Segment Start: Extracted records
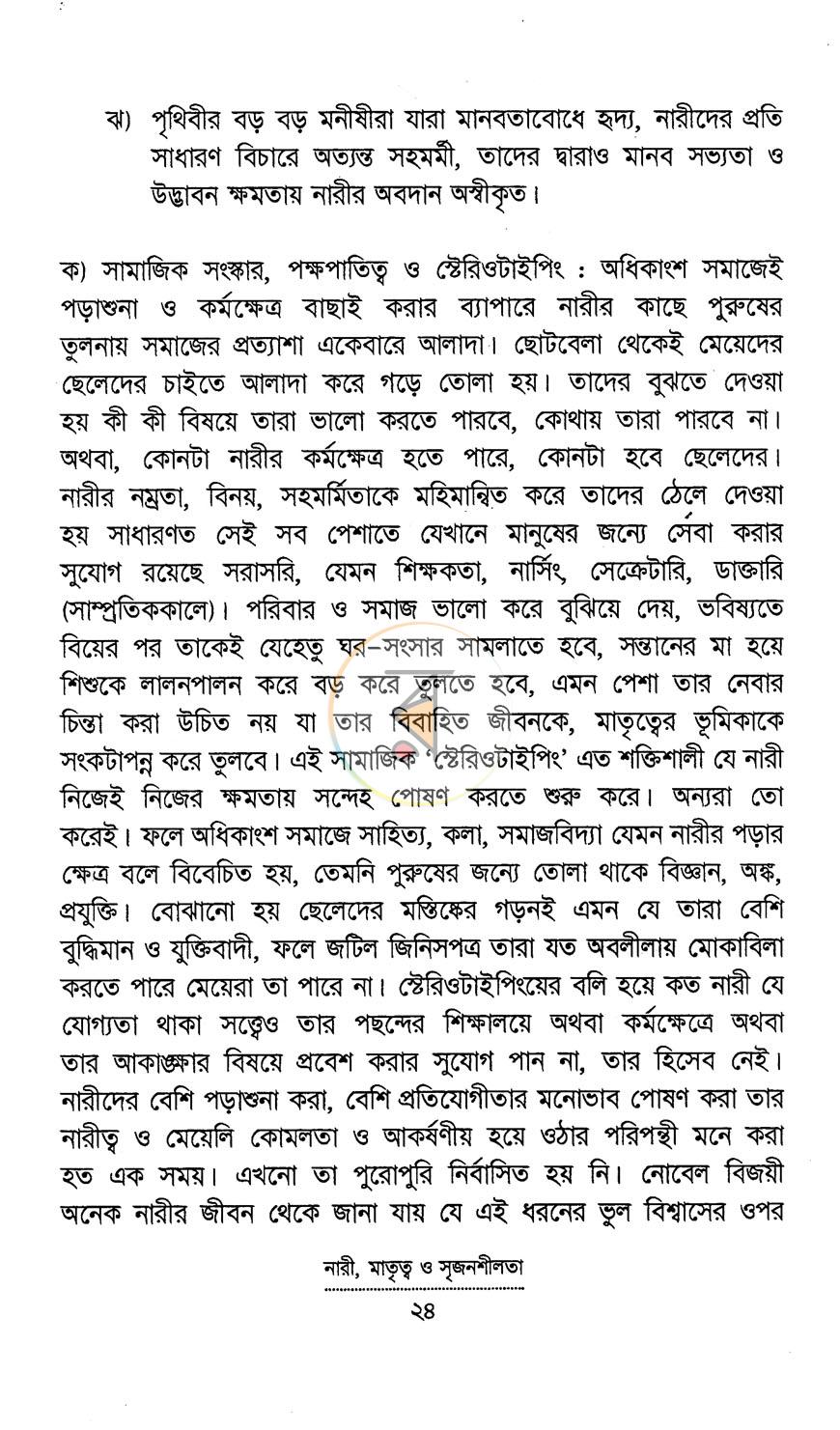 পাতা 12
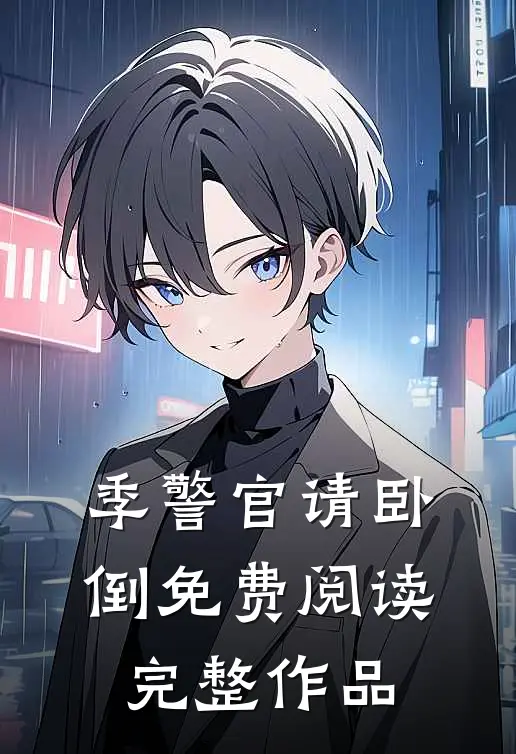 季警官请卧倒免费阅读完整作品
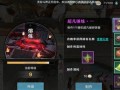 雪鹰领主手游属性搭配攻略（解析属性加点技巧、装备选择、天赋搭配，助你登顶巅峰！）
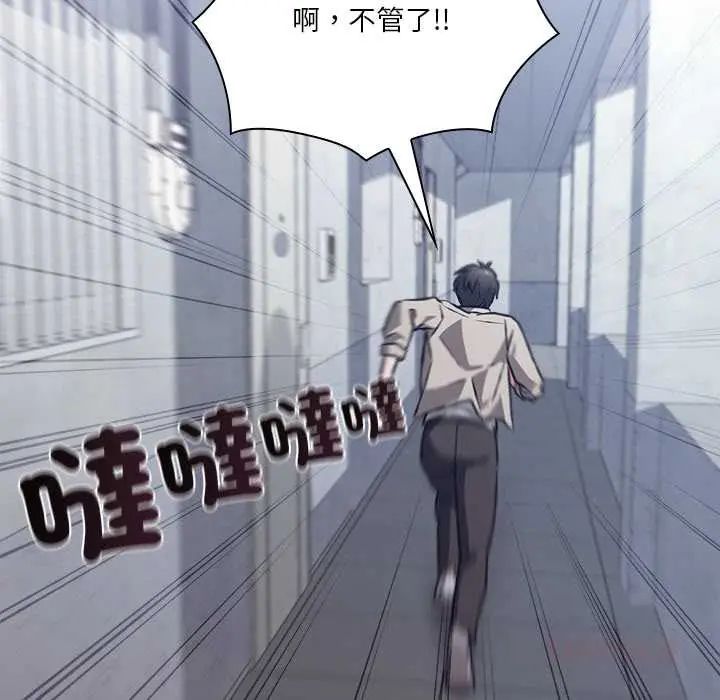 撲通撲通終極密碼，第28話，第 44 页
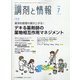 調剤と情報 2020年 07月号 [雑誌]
Segment End: Extracted records
Segment Start: Extracted records
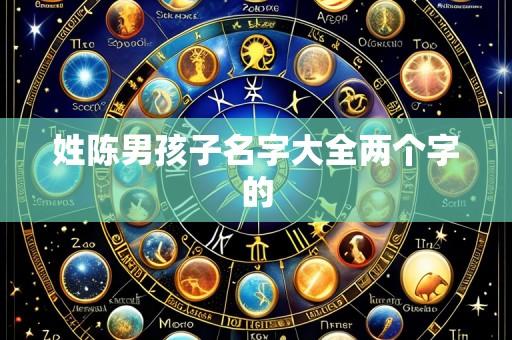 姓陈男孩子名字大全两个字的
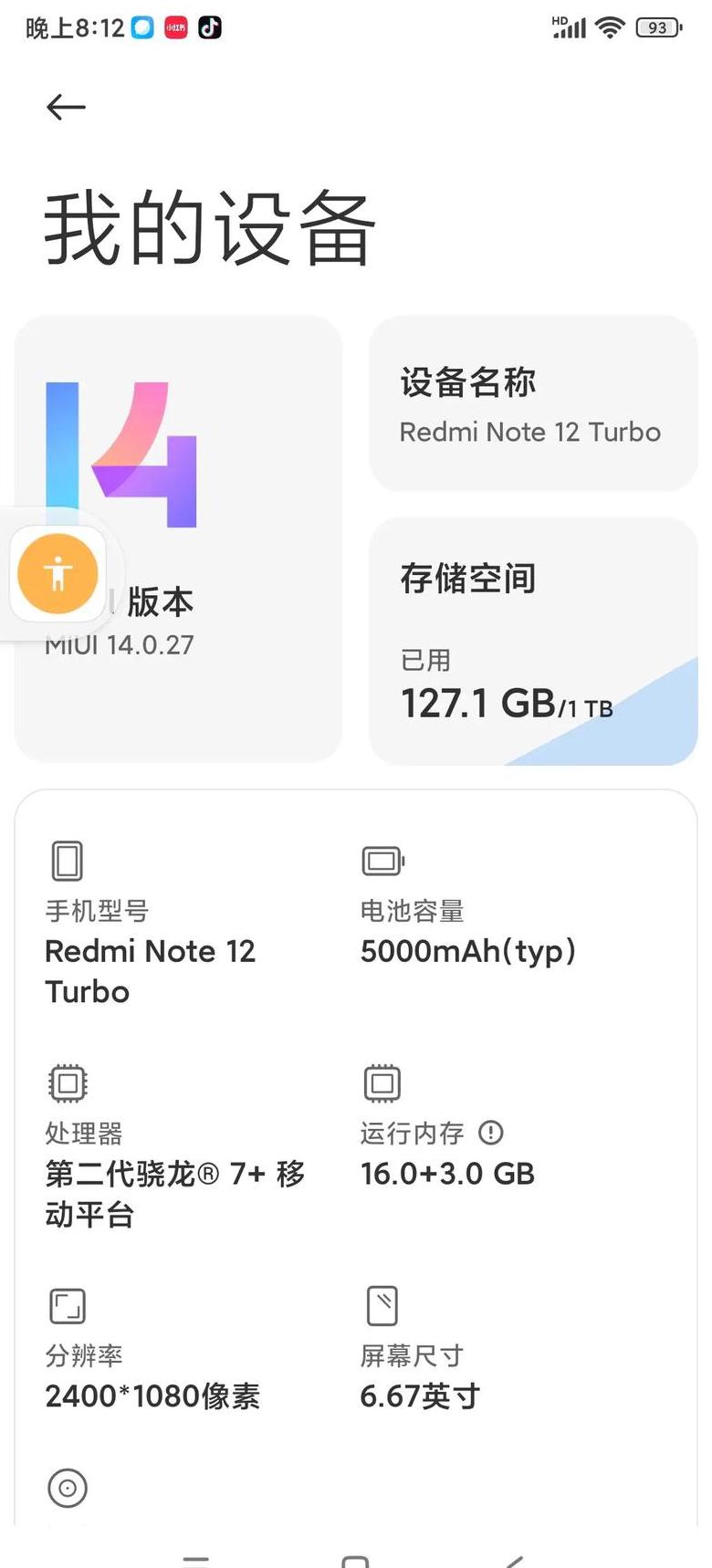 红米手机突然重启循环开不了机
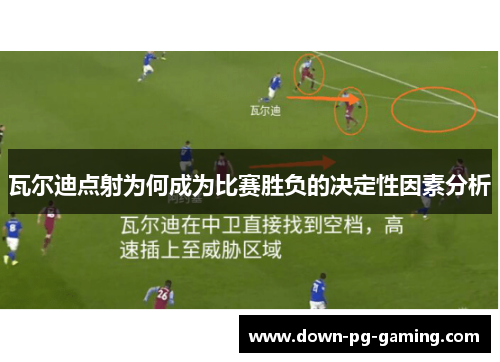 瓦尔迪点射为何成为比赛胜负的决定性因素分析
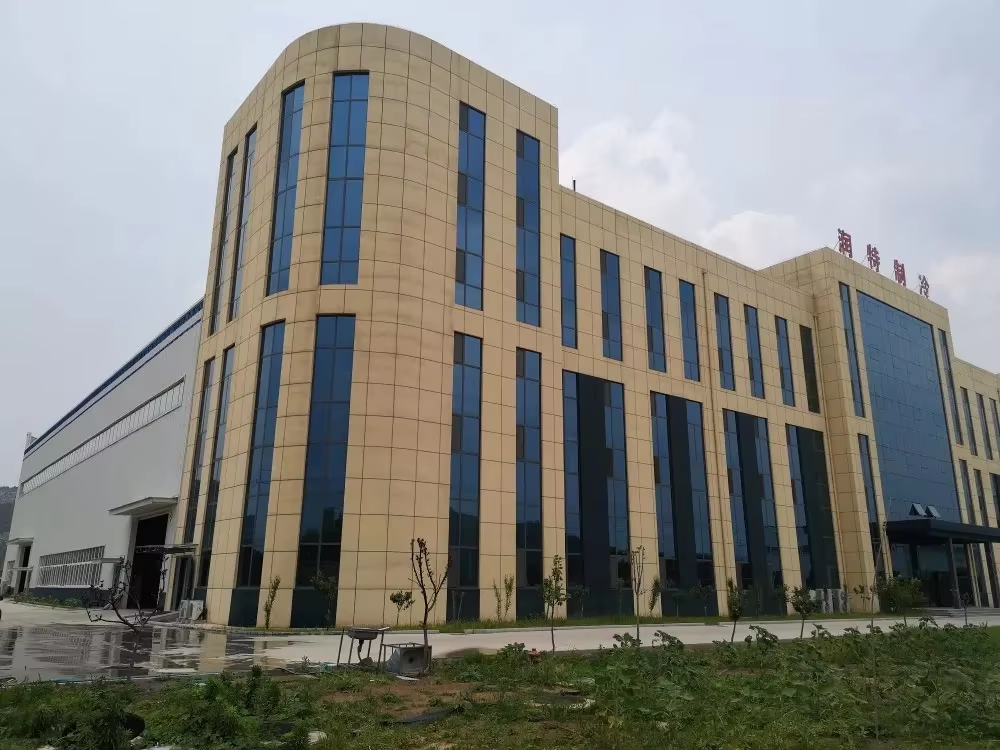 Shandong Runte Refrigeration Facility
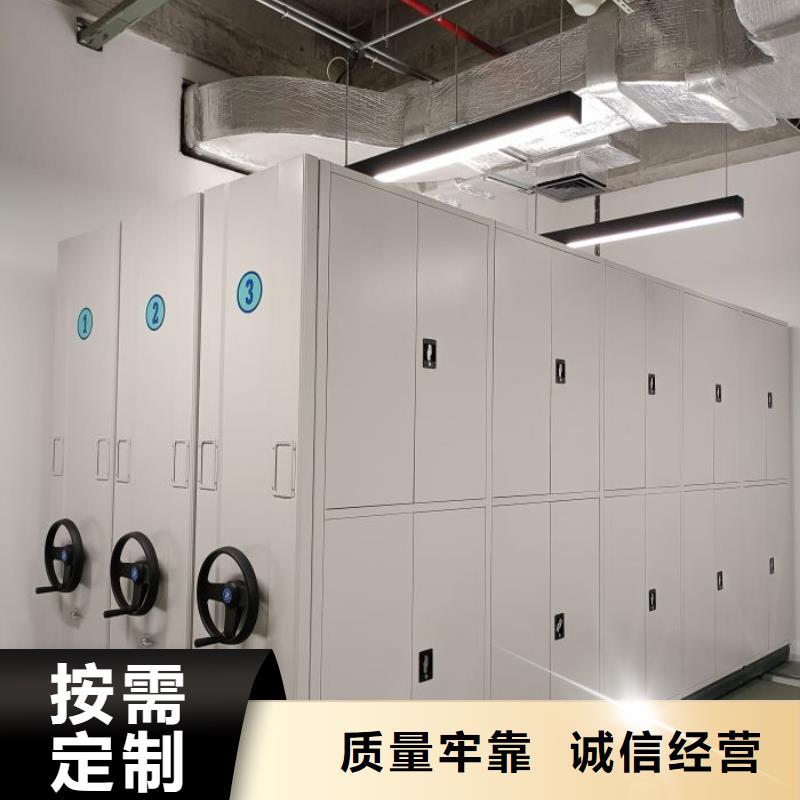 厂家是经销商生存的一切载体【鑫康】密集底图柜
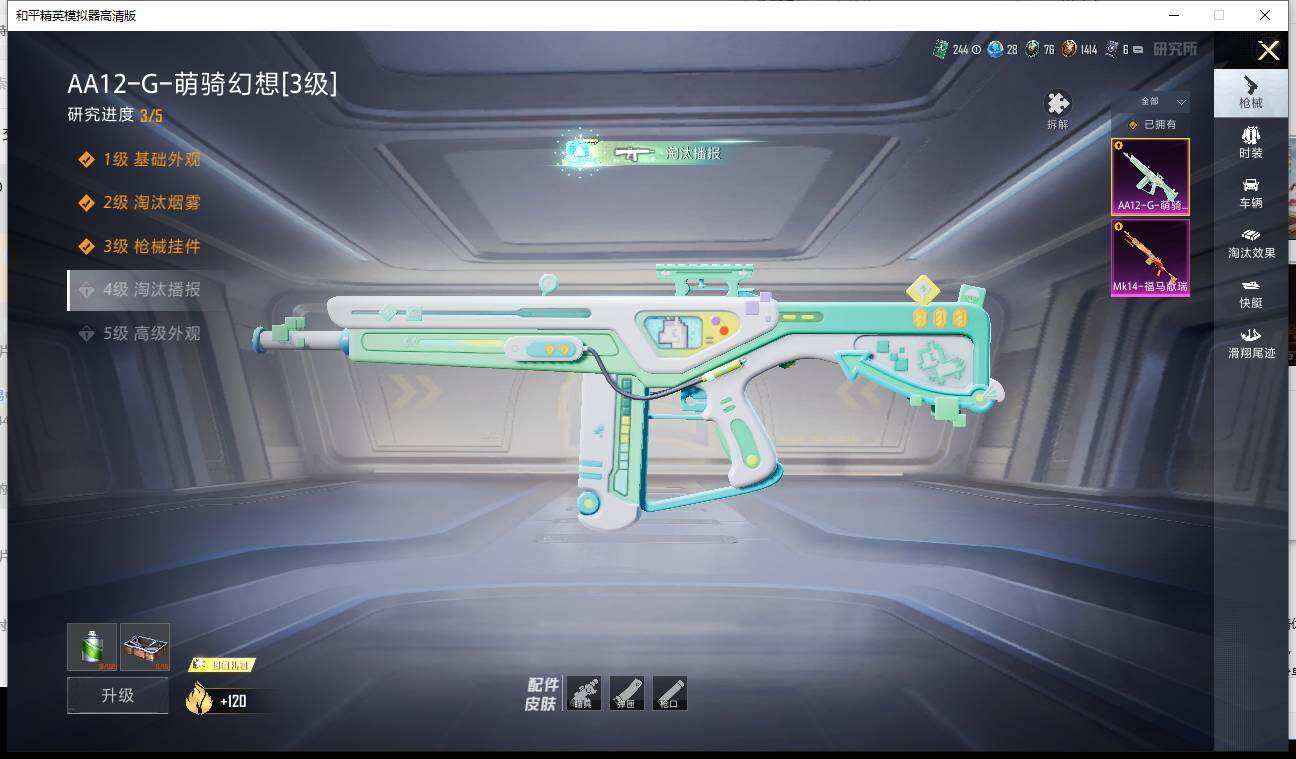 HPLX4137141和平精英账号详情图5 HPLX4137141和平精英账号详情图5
Segment End: Extracted records
Only the lines above from the one with "红米手机突然重启循环开不了机" to the one with "HPLX4137141和平精英账号详情图5 HPLX41" should be printed, both included and exactly as written; no picture belongs in the copy.

 红米手机突然重启循环开不了机
 瓦尔迪点射为何成为比赛胜负的决定性因素分析
 Shandong Runte Refrigeration Facility
 厂家是经销商生存的一切载体【鑫康】密集底图柜
 HPLX4137141和平精英账号详情图5 HPLX4137141和平精英账号详情图5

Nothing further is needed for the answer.